È questo il primo racconto di Cassola ambientato durante la lotta clandestina anche se non può ancora essere collocato nel genere della narrativa neorealistica e nemmeno nella letteratura impegnata perché a distinguerlo dai due generi vi è costante l'intersecarsi del tema dell'esistenza a quello della lotta partigiana e soprattutto la mancanza assoluta di accenti eroici. Emergono infatti dai racconti i... "toni dimessi e sfiduciati, che colgono piuttosto la perplessità degli atteggiamenti politici che il loro entusiasmo e la loro certezza".[31].

La storia, che ha inizio dopo l'8 settembre 1943, è quella di un giovane intellettuale che si mette in contatto con i comunisti e, preso il nome di battaglia di Topo, raggiungerà sul Monte Voltraio un piccolo gruppo di partigiani. Ma, di fronte alla scelta tra il rimanere nascosto e quello di unirsi definitivamente, come si era impegnato con Baba, militante convinto e fedele al Partito, preferirà rifugiarsi da una sorella a Roma.

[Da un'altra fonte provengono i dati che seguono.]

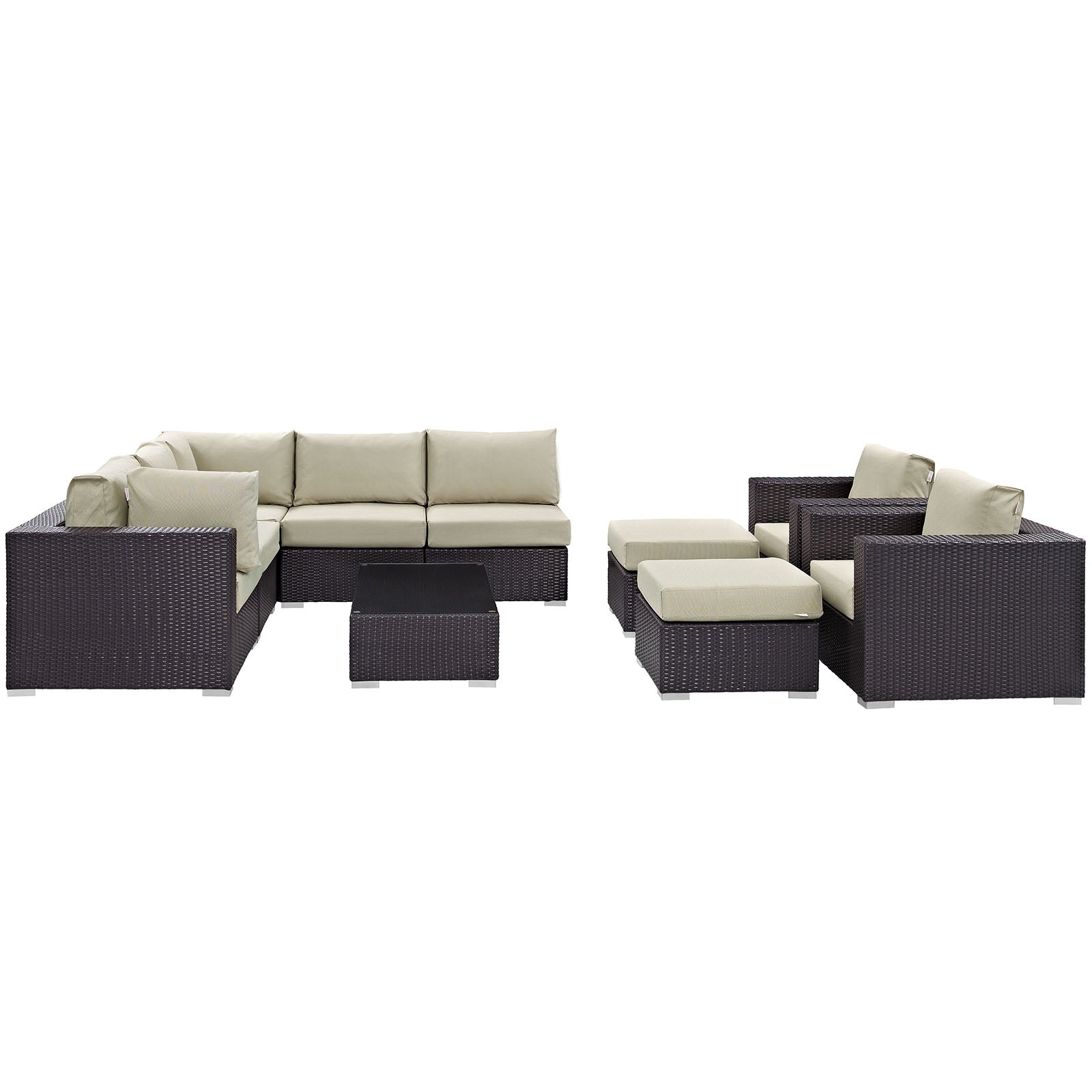 Modway Outdoor Conversation Sets - Convene 10 Piece Outdoor Patio Sectional Set Espresso Beige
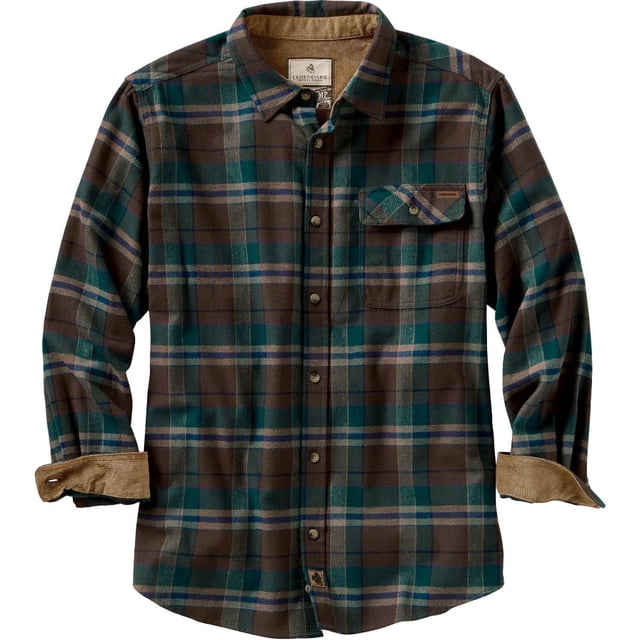 Legendary Whitetails Buck Camp - Camisa Casual de Manga Larga con Botones para Hombre, puños de Pana, Cuadros de montaña ahumada, Large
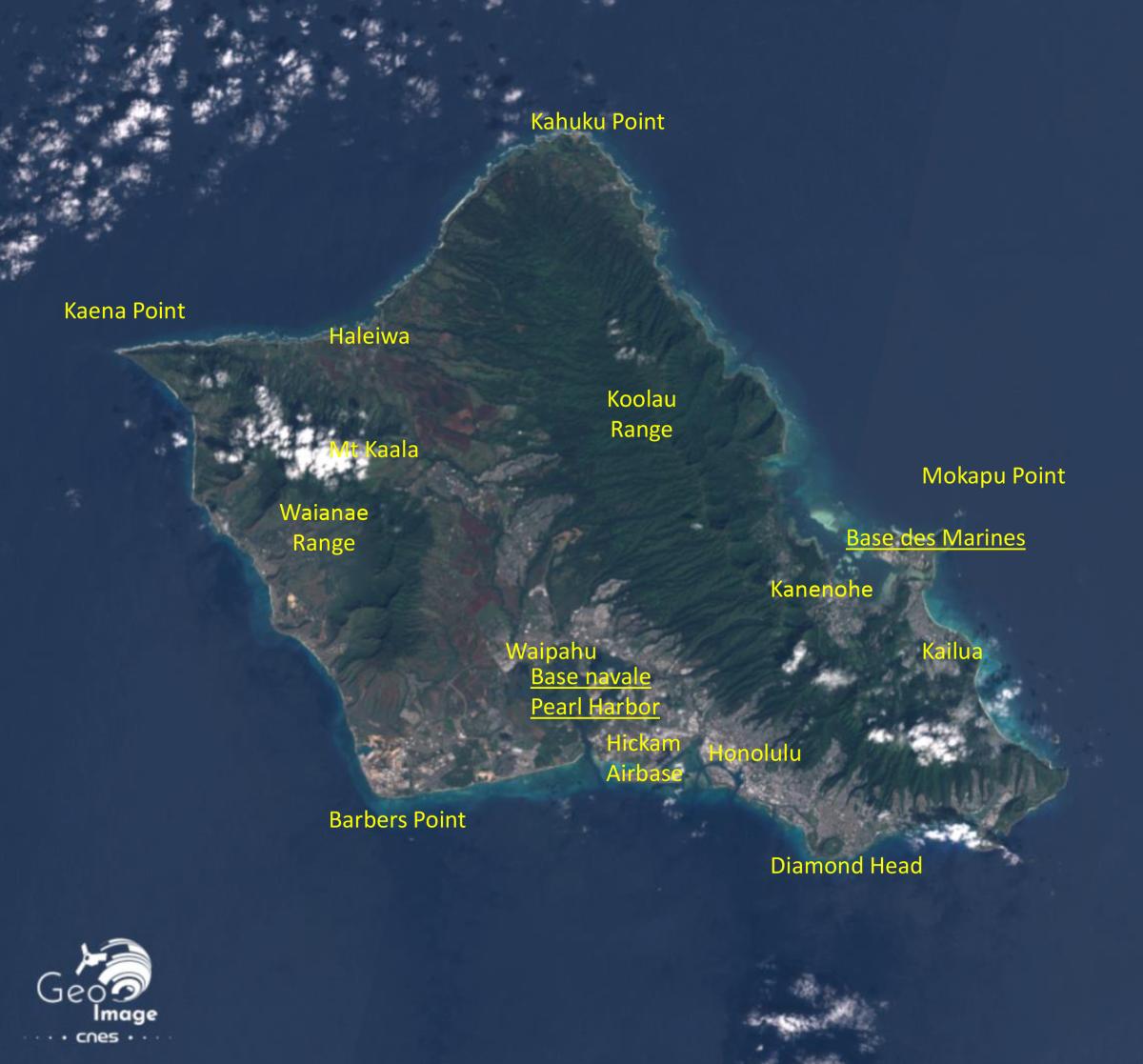 Image satellite de l’île d’Oahu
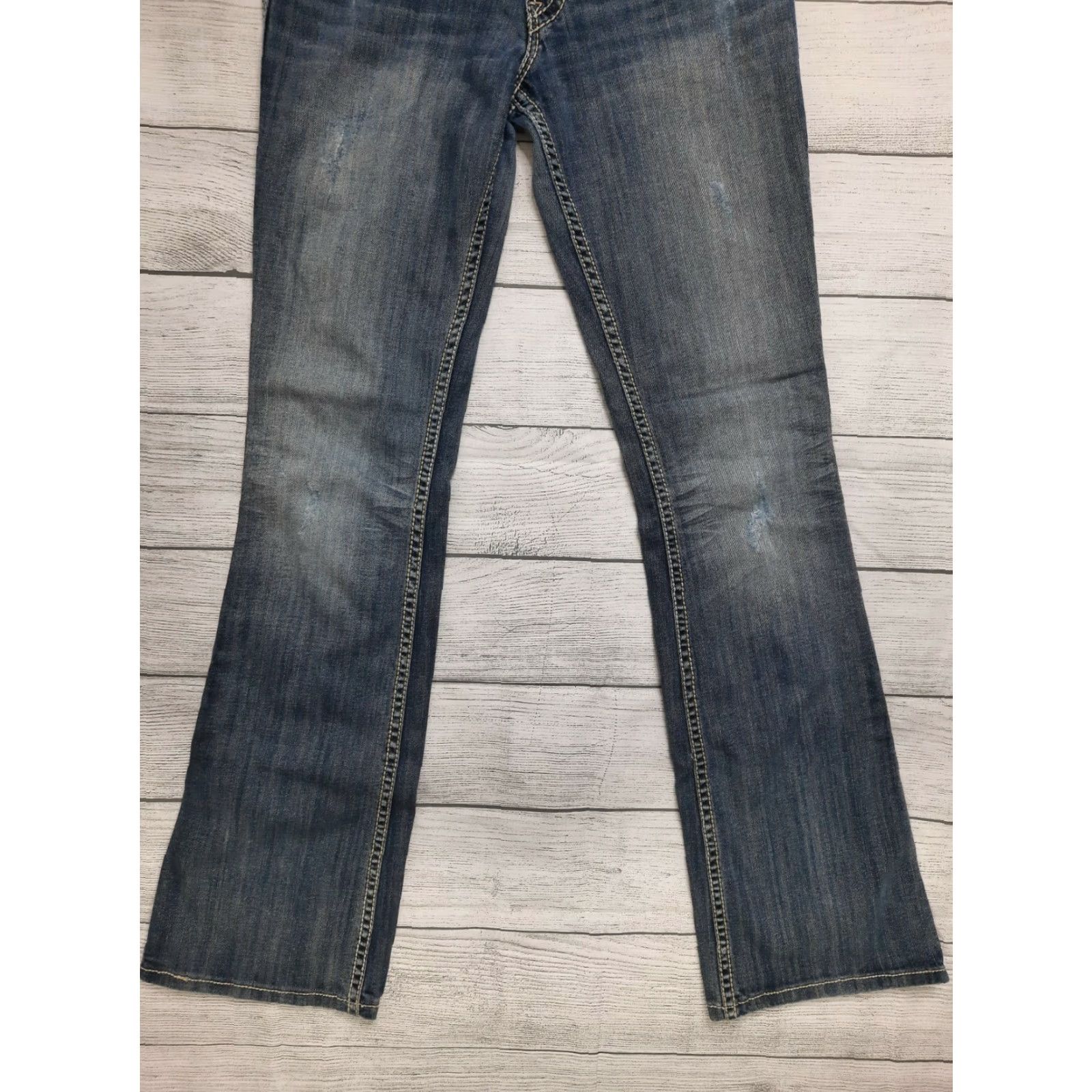 Silver Jeans Co. VINTAGE Silver Jeans Suki Surplus Jeans Womens 28x36 30x32 Flap Pockets Bootcut Medium Blue Mens Womens Boys Girls Size 28" / US 6 / IT 42 - 6 Thumbnail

Le amiche[modifica | modifica sorgente]

Le amiche è un racconto lungo che venne pubblicato sul numero 3 di «Botteghe Oscure» nel 1949 per essere inglobato nel 1955 nel volume Il taglio del bosco dall'editore Nistri-Lischi e in seguito in quello dallo stesso titolo edito da Einaudi nel 1059. Questo racconto può considerarsi, insieme a Rosa Gagliardi, il punto d'arrivo della prima fase dell'attività narrativa di Cassola.

La trama è molto semplice, quasi nulla. Si tratta dell'arrivo da Pomarance di Anita che si reca a trovare a San Dalmazio per quindici giorni la cugina Anna. Il racconto si basa più che altro sulle piccole inquietudini, sui minimi segreti giovanili, sulle chiacchiere domestiche e quotidiane che fanno si che i giorni e i mesi e gli anni scorrano in un baleno facendo passare le persone da una condizione di felicità al ricordo e al rimpianto di quella condizione. Anna, che nel frattempo si è sposata e ha un figlio, non è particolarmente infelice ma, terminata la primordiale conquista della coscienza di esistere, sente che la vita non possiede più la gioia e l'entusiasmo iniziale.

« «Ah, sì, facevo confusione» riconobbe Anna. «Erano bei tempi» aggiunse poi. « È inutile, quando siamo ragazze, libere... »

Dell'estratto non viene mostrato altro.